Cet esprit, outre celui de partage des outils, imprègne effectivement les
fab labs, où les participants sont invités à combiner mutuellement les
apprentissages et à documenter les projets, dans une logique de
capitalisation des connaissances qui est de fait mise également en avant
dans la charte des fab labs. La logique des échanges n'est plus
nécessairement fondée sur des marchandises à vendre sur un marché. Des
biens sont en effet produits, mais leur valeur d'usage tend à primer sur
leur valeur d'échange.


 *c) Transformation des bases d'échanges*

La reprise de solutions déjà expérimentées est aussi ce qui peut permettre
de faire baisser certains coûts. D'où l'intérêt du modèle de l'open source
pour ces modes d'organisation de type fab labs. L'open source facilite les
échanges et la circulation des connaissances. Grâce à leur ouverture, les
projets peuvent être accessibles, mobiles et modifiables. La dynamique
favorable à l'ouverture qui s'était développée dans le domaine des
logiciels, sous la bannière de l'«  open source  », tend à s'étendre aux
matériels, avec non seulement des initiatives qui poussent en ce sens mais
aussi des projets qui visent à des réalisations concrètes (la carte
électronique Arduino étant par exemple l'une des plus connues). En
s'écartant des préoccupations de propriété, voire en les remettant en
cause, ces activités peuvent aussi trouver des affinités avec une «
culture du don technologique  » qui a sous-tendu le développement des
logiciels libres.

La recherche d'objets plus facilement réparables, ou adaptables à
l'évolution des besoins, peut être un appui à cette dynamique. Les
équipements des fabs labs peuvent aider à allonger la durée de vie de ces
objets. Ils peuvent ainsi se présenter comme un moyen de contourner
l'obsolescence programmée, que certaines entreprises peuvent être tentées
d'utiliser pour accélérer le renouvellement des produits et entretenir leur
marché. Le développement des imprimantes 3D a commencé à susciter un fort
intérêt de ce point de vue, car il laisse entrevoir une possibilité d'«
imprimer  » des pièces détachées de remplacement pour celles qui seraient
usées, abimées ou devenues défectueuses. Une conception en open source peut
d'ailleurs faciliter la réparation.


*Conclusion  : un projet déjà en voie de normalisation ?*

Le modèle des fab labs et des makerspaces commence à peine à être connu et
il peut donc encore gagner largement en audience. Si le modèle se répand,
c'est qu'il séduit. Mais, pour l'instant, ce sont encore des espaces
interstitiels, dans lesquels un nombre encore réduit d'acteurs est engagé
dans des interactions plus ou moins régulières et plus ou moins organisées.
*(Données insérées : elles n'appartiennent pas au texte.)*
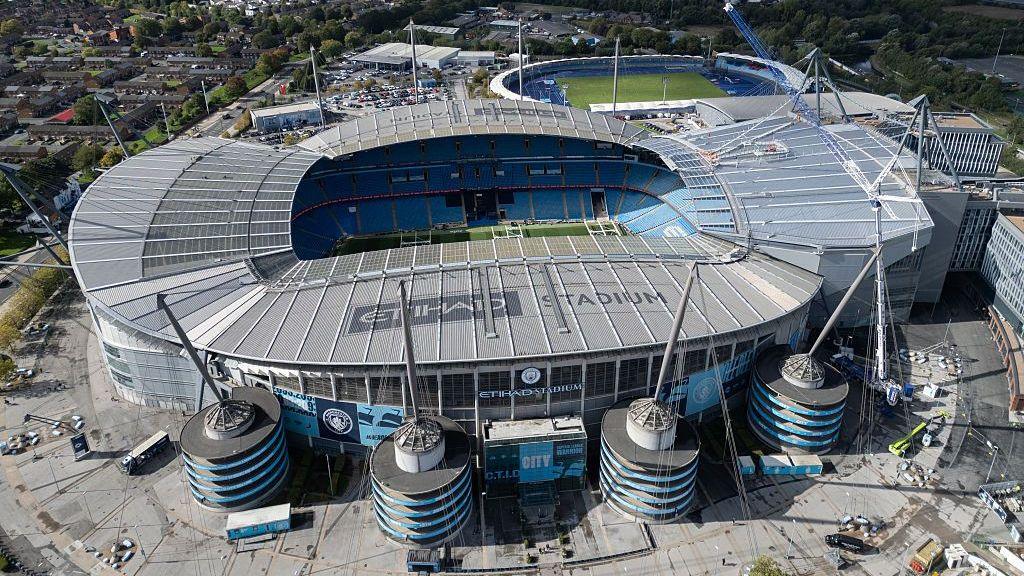 An aerial view shows The Etihad Stadium, the home ground of Manchester City football club, with the Manchester skyline in the background.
S'il apparaît porteur de potentialités, le développement des fab labs et
makerspaces est toutefois aussi chargé en ambivalences. De tels lieux
peuvent être effectivement des intermédiaires facilitant l'accès à la
fabrication. Mais quand les grands acteurs industriels et publics
manifestent un intérêt à leur égard, c'est souvent avec des schémas
intellectuels qui les réinscrivent dans les mêmes logiques de développement
économique que celles qui ont marqué la fin du XXe siècle. En France,
l'appel à projets « Aide au développement des ateliers de fabrication
numérique  », lancé en 2013 par la Direction Générale de la Compétitivité
de l'Industrie et des Services du Ministère du Redressement productif,
restait aligné sur une vision fortement entrepreneuriale et soucieuse de
débouchés économiques. Les expérimentations peuvent donc aussi subir des
formes de normalisation.

Une question importante reste au surplus de savoir qui finance et comment.
Sachant que ces modalités de financement peuvent notablement influencer les
orientations adoptées et introduire des contraintes, contribuant ainsi à
détourner des valeurs originelles. Un tel déplacement peut paraître
d'autant plus aisé que dans ces initiatives, le travail tend à être
organisé sur le mode du «  projet  ». On retrouve ainsi la «  cité par
projet  » dont Luc Boltanski et Ève Chiapello avait repéré le rôle dans
l'installation d'un «  nouvel esprit du capitalisme  », ce qui peut augurer
d'une facilité à s'insérer dans un système capitaliste en évolution et en
recherche perpétuelle de voies d'adaptation. De fait, le modèle des fab
labs permet aussi davantage de flexibilité dans la production et peut être
récupéré et instrumentalisé par de grandes organisations industrielles qui
peuvent les exploiter comme des réservoirs (externalisés) non seulement de
flexibilité, mais aussi de créativité et d'idées.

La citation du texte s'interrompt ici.